■ Exercise requirements: Transcribe the listing below exactly, without pictures.

■ Dataset extract:
========

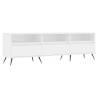 TV Cabinet White 150x30x44.5 cm - Stylish Storage Solution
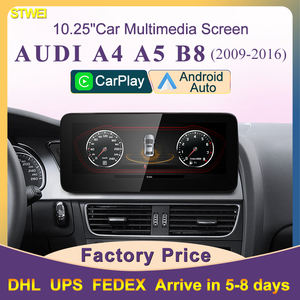 STWEI Nouveau modèle MTK8581 10,25 pouces CarPlay sans fil Auto Andorid14 Autoradio multimédia pour AUDI 08-16 A4 B8 S4 Unité principale Radio - Product Image 2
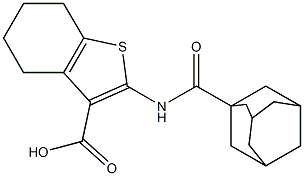 2-[(1-adamantylcarbonyl)amino]-4,5,6,7-tetrahydro-1-benzothiophene-3-carboxylic acid 구조식 이미지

========

■ Output for this task:
 TV Cabinet White 150x30x44.5 cm - Stylish Storage Solution
 STWEI Nouveau modèle MTK8581 10,25 pouces CarPlay sans fil Auto Andorid14 Autoradio multimédia pour AUDI 08-16 A4 B8 S4 Unité principale Radio - Product Image 2
 2-[(1-adamantylcarbonyl)amino]-4,5,6,7-tetrahydro-1-benzothiophene-3-carboxylic acid 구조식 이미지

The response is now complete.